3. Do you take into account the youth at outside linebacker when game-planning, or do you just continue doing the same things you would with Clay Matthews and Nick Perry?
CAPERS: "We have our base scheme, but obviously you're going to adjust that based off of who's out there. I think a lot has to do with how much can they handle and execute efficiently. I think you make a big mistake if you try to throw it all at these young guys because they're going to get overwhelmed and then they aren't going to perform as fast and play as confident as you'd like for them to play."
SPECIAL TEAMS COORDINATOR SHAWN SLOCUM
1. What should Jake Stoneburner have done differently on the roughing-the-punter penalty?
SLOCUM: "Not rough the punter. He had great effort and great extension. I thought Chris Banjo should have blocked the ball and then it could have possibly been a score for us.

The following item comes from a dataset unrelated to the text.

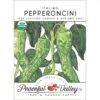 Italian Pepperoncini Seeds (Organic) 2 Italian Pepperoncini Seeds (Organic) -Felo Butik organic pepperoncini italian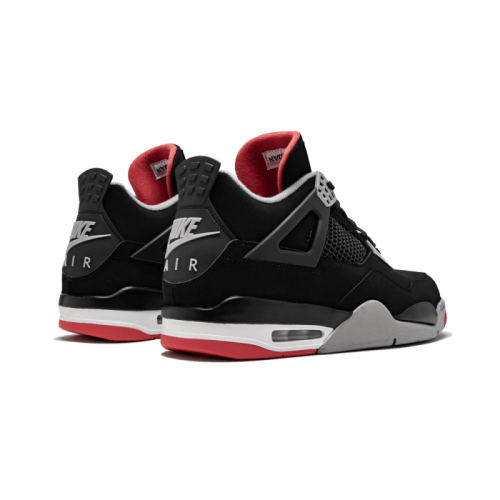 Air Jordan 4 Bred 2019 Air Jordan 4 Bred 2019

We missed the block and then it was a wet day and Jake slid into the punter's plant leg and that's why they called roughing."

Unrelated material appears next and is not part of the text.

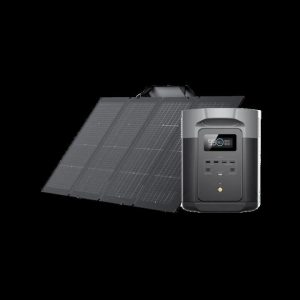 EcoFlow DELTA 2 Max (1900) Portable Power Station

2. Why did you use Myles White on the hands team on Cleveland's initial onside-kick attempt? Was he ready for that role?
SLOCUM: "He should have handled that ball. He got his hands on it and he didn't put the ball away and get down. He should have handled it."

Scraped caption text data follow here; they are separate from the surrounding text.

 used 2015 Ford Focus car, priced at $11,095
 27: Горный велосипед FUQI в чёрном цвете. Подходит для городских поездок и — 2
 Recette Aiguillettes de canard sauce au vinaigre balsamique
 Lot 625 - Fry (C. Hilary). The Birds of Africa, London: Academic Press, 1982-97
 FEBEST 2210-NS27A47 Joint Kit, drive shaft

3. Given the injuries -- and therefore the need on offense and defense to use players who had been participating on special teams, were the special teams issues a trickle down from having to use new players in those situations?
SLOCUM: "You know, I think that it's important ... we're going to have change and it's part of playing special teams. Guys get into new roles but the expectations don't change and we need to play better. We made way too many mistakes (Sunday)."
OFFENSIVE COORDINATOR TOM CLEMENTS
1. Did you think Jarrett Boykin was going to be capable of a 100-yard receiving game in his first NFL start?
CLEMENTS: "He's a very detailed guy. He does what you ask him to do, he tries to do it to the best of his ability, He has good size, he's always been a good blocker, he's become a good route runner, he has good hands. He's just a very solid and dependable guy. And he's gotten better the longer he's been here."
2. Does having Aaron Rodgers at quarterback help make it easier for a player like Boykin to transition into a bigger role?
CLEMENTS: "I think it helps it. I think (Rodgers) has obviously great ability and he can put the ball where he needs to in order to give the guys a chance to catch it, and he, along with the other veterans on the team on the offensive side of the ball, have to be at their best and help those young guys come along."
3. Does the offense need to get Myles White the ball more often in upcoming games?
CLEMENTS: "He played hard, he played fast, he ran good routes and just for one reason or another, the ball didn't go his way. Whether someone else was the No. 1 in the route or at times the quarterback's vision is blocked and doesn't really see it clearly, but what (White) did, he played well and he executed the things he needed to execute."